Je n’ai jamais vraiment cru aux histoires de “lieux maudits” ou aux légendes locales… jusqu’à ce que je mette les pieds à la cascade de Jaun, en Suisse. J’y étais l’an dernier avec des amis. On en avait entendu parler vaguement sur un forum ésotérique : un endroit avec une “énergie vibratoire exceptionnelle”. Au début ça nous a fait rire, mais l’un d’entre nous, Loïc*, prenait ça très au sérieux. Il faisait du Reiki, du pendule, ce genre de trucs. C’est lui qui a insisté pour qu’on y aille.
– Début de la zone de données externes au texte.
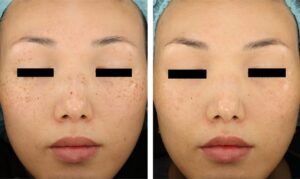 PicoWay Before & After Gallery - Patient 101005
On est arrivés de nuit, en plein brouillard. Je n’ai jamais vu une brume aussi dense. Elle avait une odeur étrange, métallique… ça m’a immédiatement mis mal à l’aise. Loïc, lui, souriait. Il disait que c’était un signe.

En approchant de la cascade, quelque chose a changé. Le bruit de l’eau ne sonnait pas normal. Pas comme une chute d’eau classique, mais plus… profond. Comme une vibration. Quand on est arrivés, j’ai juré que l’eau ne tombait pas. Elle remontait. Comme si elle était aspirée vers le ciel.
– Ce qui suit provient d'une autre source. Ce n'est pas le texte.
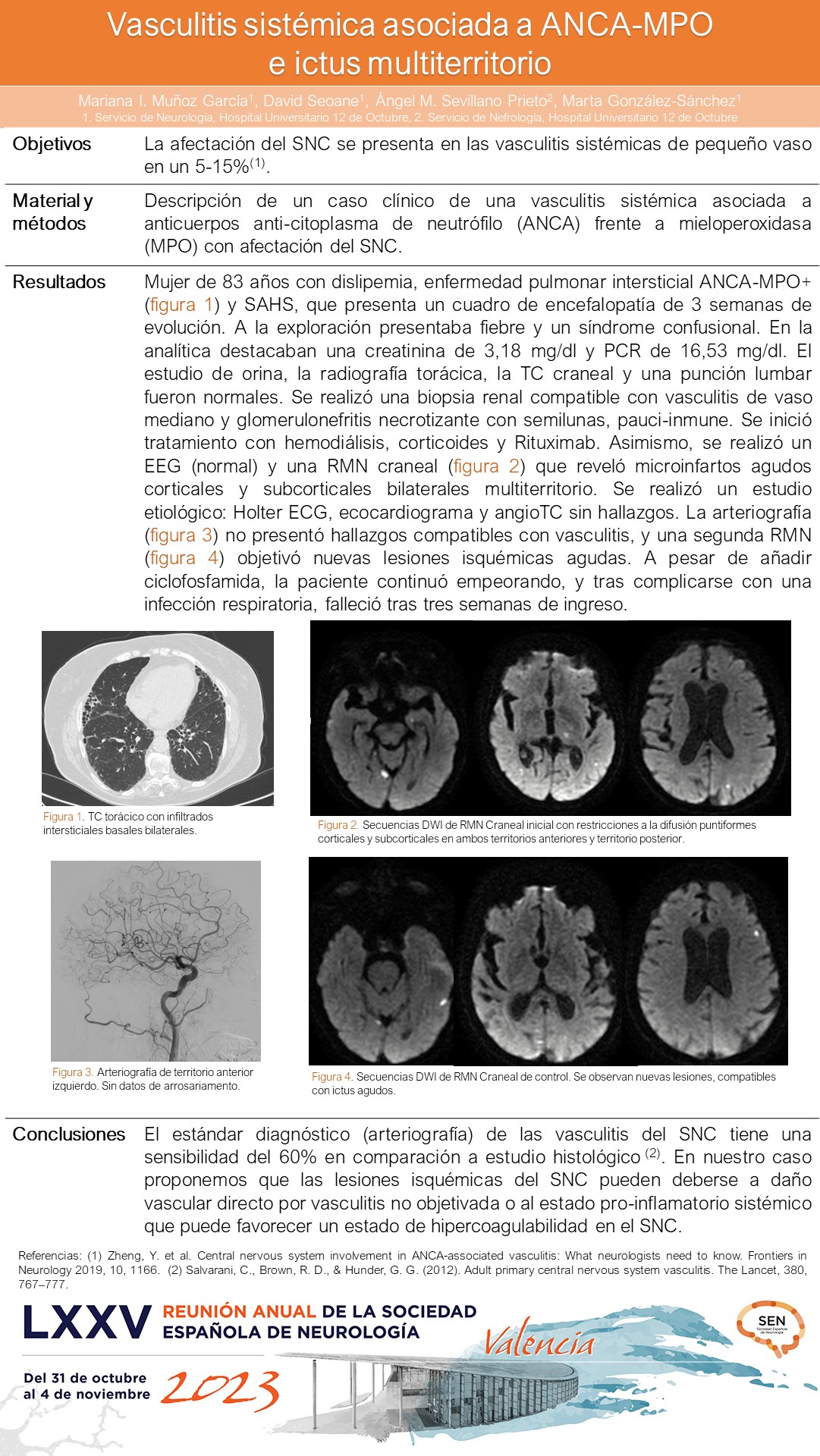 Vasculitis sistémica asociada a ANCA-MPO e ictus multiterritorio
Et là, on les a vus. Des silhouettes immobiles, toutes vêtues de blanc, disposées en cercle autour de la cascade. On aurait dit qu’elles nous attendaient. On a d’abord pensé à une secte locale, mais elles ne parlaient pas. Elles ne bougeaient pas. Elles semblaient flotter.

Loïc s’est avancé, pendule à la main. Son visage avait changé, comme s’il souffrait mais qu’il ne pouvait pas reculer. Il a dit que “l’énergie montait trop haut sur l’échelle de Bovis”, que ça dépassait tout ce qu’il avait mesuré. Ses doigts tremblaient.

Puis ça a commencé.

On a paniqué pour aucune raison. On a couru. Mais c’était comme si le chemin du retour se refermait. La cascade était toujours là, peu importe la direction. Et autour de nous, des voix incompréhensibles. Des sons inversés, comme des pleurs d’enfants joués à l’envers.

J’ai fini par m’évanouir. Quand je me suis réveillé, j’étais en bas du sentier, seul.

Depuis, je fais des cauchemars toutes les nuits. Je revois cette cascade, mais elle n’est plus faite d’eau. Elle est faite de corps. Des visages sans bouche, des bras emmêlés, qui s’écoulent sans fin. Et un son, grave, qui résonne jusque dans mes os.

Je n’arrive plus à me convaincre que c’était un simple délire collectif ou une hallucination due au brouillard.